Tal como aconteceu com ele, que foi vice-campeão paralímpico de natação em Pequim 2008 (nos 400 metros na categoria S13, para quem tem deficiência visual significativa), os principais candidatos ucranianos a medalhas nos Jogos Paralímpicos de Paris viram a sua preparação relegada para segundo plano quando a Rússia invadiu a Ucrânia em fevereiro de 2022. O conflito ainda está em curso e o seu fim não parece estar próximo.

A delegação costuma ter bons resultados no cenário paralímpico: ficou em sexto lugar no quadro nos Jogos de Tóquio, em 2021, e, cinco anos antes, nas Paraolimpíadas do Rio 2016, ficou em terceiro lugar, com 117 medalhas (41 ouro).

"Nós ficamos"
O nadador Mykhailo Serbin, de 20 anos e campeão paraolímpico dos 100 metros costas S11 (deficiência visual), sofreu “dez dias de bombardeio permanente” em Kharkov, antes de decidir ir para outra cidade.

“Meu treinador e eu tínhamos a mesma opinião: ‘Ficamos, trabalhamos, vencemos, não importa o que aconteça’”, disse ele à AFP.

Serbin afirma ter o apoio da família: “Eles não queriam que eu abandonasse aquela que é a minha razão de ser”. E é por isso que ele insiste que acredita ter tomado a decisão certa. “Não me arrependo de ter ficado na Ucrânia”, diz ele. “Quem pode saber o que teria acontecido noutros lugares, que desafios nos teriam esperado lá? Estar em casa é sempre o melhor.”

Mas permanecer na Ucrânia significa ter de conviver, ou mesmo sofrer diretamente, com uma guerra que já dura mais de dois anos.

“Chegamos recentemente para um treinamento e a cidade havia sido atacada, tivemos que descer até o abrigo e esperar o fim do bombardeio”, conta.

Para Chufarov, que conquistou três medalhas de ouro na Copa do Mundo de Manchester no ano passado, quinze anos depois de suas duas medalhas paraolímpicas em Pequim 2008, o inferno que viveu em Mariupol, que caiu nas mãos da Rússia em maio de 2022, teve "um impacto enorme em na saúde.

“Durante esse período, todos os nossos pensamentos estavam voltados para a sobrevivência”, diz o nadador. “Aqueles de nós que conseguiram sobreviver tornaram-se pessoas diferentes de quem éramos, isso não pode mais mudar”, lamenta.

Segundo as autoridades ucranianas, o cerco a Mariupol (de fevereiro a maio de 2022), uma grande cidade portuária atualmente sob controle russo, causou pelo menos 25 mil mortes.
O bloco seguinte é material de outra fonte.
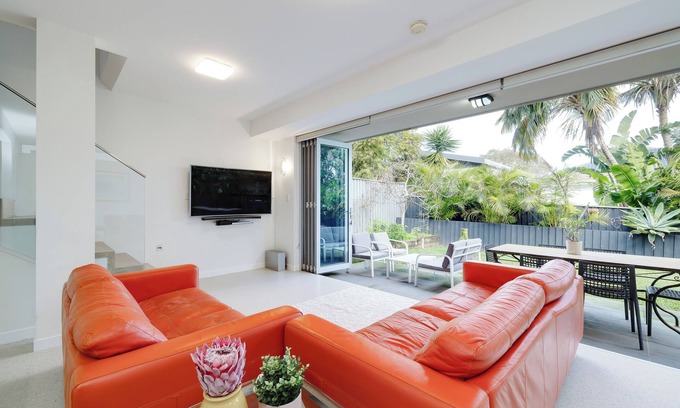 North Bondi House | Bondi Holiday Home Garden Apartment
“Ao stress e à sobrecarga mental somaram-se a falta de sono, a falta de comida e de água potável”, explica este jovem de trinta anos, que acabou por se mudar para o sul da Ucrânia com a mulher. Lá ele passou seis meses sem treinar. “Parecia que não fazia mais sentido”, diz ele.

Lágrimas e medalhas
E mesmo longe de Mariupol, a guerra continuou a perturbar o seu treino.

“Os frequentes ataques aéreos e mísseis às vezes tornavam impossível ir à piscina ou à academia”, diz ele.
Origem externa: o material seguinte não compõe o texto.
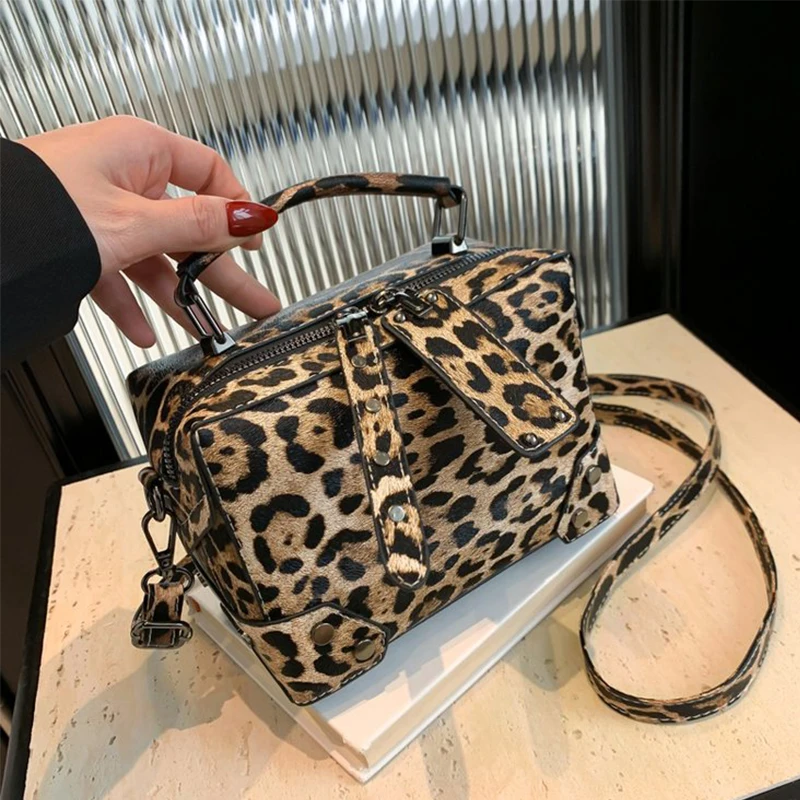 New Leopard Messenger Bag PU Leather Shoulder Women\'s Handbag High Quality Aesthetic CrossbodyBags for Women Trend 2024 Fashion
Andrei Demchuk, campeão paraolímpico de esgrima em cadeira de rodas no Rio 2016, optou por deixar a Ucrânia e se estabelecer em Varsóvia, capital da vizinha Polônia. O especialista no sabre de 36 anos contribuiu à sua maneira para o esforço de guerra, participando de conversas com soldados que sofreram mutilações ou ferimentos significativos após a passagem pelo front.

“Em primeiro lugar, estive lá para comunicar e tentar ganhar a confiança dos soldados, para que pudessem falar comigo sobre amputação, próteses, esporte”, disse à AFP. “Na minha opinião, o maior problema que os soldados amputados têm de enfrentar é compreender que podem continuar a viver e que podem ter uma vida quase sem problemas”, afirma o esgrimista, que pretende participar no Campeonato da Europa em março, em França.

“A guerra acrescenta um contexto emocional” às competições, observa. “Quase toda medalha vem com lágrimas porque você percebe que muitos de seus entes próximos e amigos não verão aquela vitória e não poderão comemorá-la com você”, emociona-se.

“Todas as vitórias são boas para a Ucrânia agora, tanto na linha da frente como no mundo do desporto”, conclui.